Dubas becomes the 17th GM in Leafs history, and the second-youngest the club has had, behind Gord Stellick, who was 30 years old when former team owner Harold Ballard hired him to run the franchise in 1988. Dubas compiled a 190-90-20-4 record as Marlies GM, and has helped groom eight current Leafs players - forwards Connor Brown, Zach Hyman, Andreas Johnsson, Kasperi Kapanen, Josh Leivo and William Nylander, and defencemen Connor Carrick and Travis Dermott - at the AHL level. Dubas is regarded as an open-minded, progressive team architect, and his work alongside Lamoriello and Hunter, among others, has him well-prepared to guide the Leafs to the next level of their competitive cycle.
"It was a difficult decision in that we had two such qualified people," Shanahan said. "Mark likes Kyle, he respects (Friday's) decision, he's got a lot of respect for Kyle. And now it's really up to (Kyle) and his staff to get together in the coming weeks and see how it all plays out."
Dubas has held many responsibilities since joining the Leafs, including managing the organization's player development unit and its research and development department. Like many of Toronto's players, Dubas stands out because of his youth, but he's accomplished an impressive amount in his four years with the Marlies: the team has appeared in two AHL conference finals and twice won the league's Macgregor Kilpatrick Trophy as its best regular-season squad.
Dubas sees a full slate ahead of him immediately, including focusing on the upcoming NHL draft and making moves regarding the Leafs' restricted and unrestricted free agents.
"It's a very young group as it is now," Dubas said Friday. "We have lots of decisions to make, and we'll take our time and go through our normal off-season as any team would. We'll gather in all of our people and do a full analysis of where we're at and…where we want to go, and we'll do that very thoroughly."
Dubas had a productive relationship with Marlies head coach Sheldon Keefe, but he'll now be working with Leafs bench boss Mike Babcock. And Dubas foresees no issues in making that transition.
"I've always had a good relationship with Mike," Dubas said of Babcock. "We talk not just about hockey, but about all aspects of life - fatherhood, family and so on. I'm excited to get to work with Mike. I think the way he's perceived is that he's very open to ideas, he's very open to change, he's very open to trying to make the Leafs better, and that's really his only focus. So that's the way we're going to continue to move it ahead."
The Leafs' GM job is one of the most attractive in all of hockey, and there was no shortage of people who would've accepted the post. But Dubas knows the organization as well as anyone, and his ability to build bridges when it comes to hockey's major modern philosophical debate - analytics vs. an "old-school", eyeball-test approach - appealed to Shanahan, who gave Dubas a five-year contract as GM.

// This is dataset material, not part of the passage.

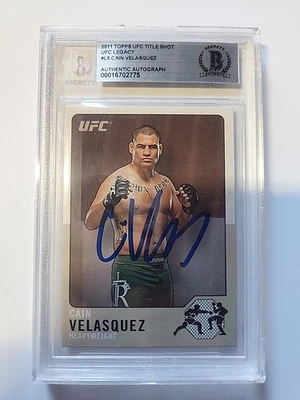 Cain Velásquez 2011 Topps UFC Title Shot Auto Firmado Losa Beckett BAS Foto 1 de 2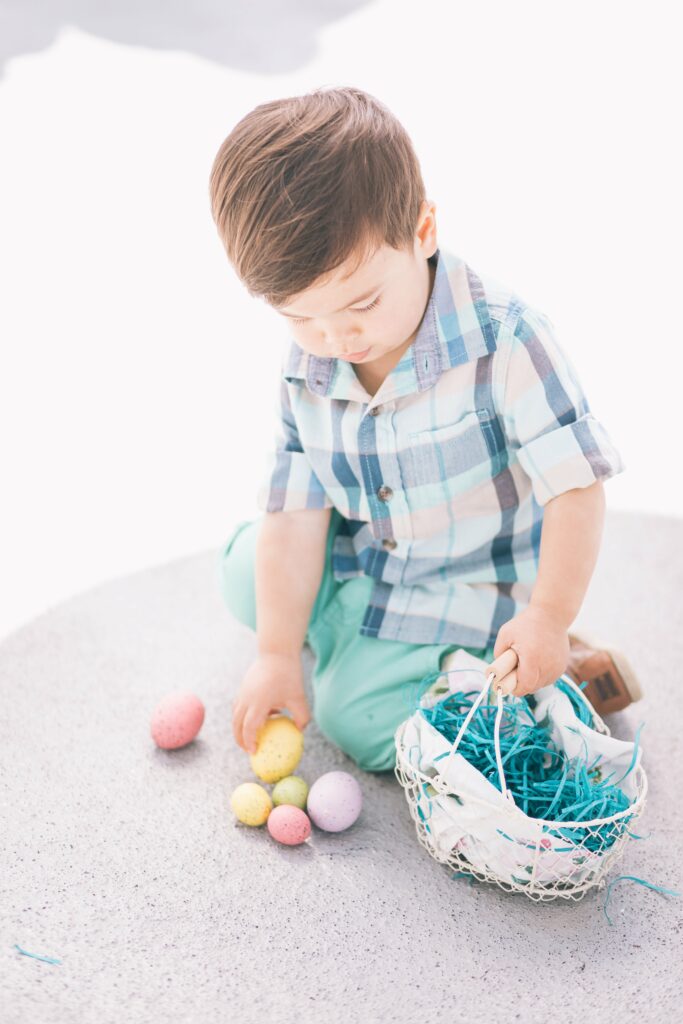 Boy with easter eggs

"To watch him over the last four years grow, to watch him work under some really esteemed people in our business - no job was too big for Kyle, no job was too small for Kyle," Shanahan said. "To see how he interacts with our fans and the respect level he has for the Maple Leafs, for the people that love the Maple Leafs, for everyone in our office… It gives me great pride to announce Kyle as the new GM."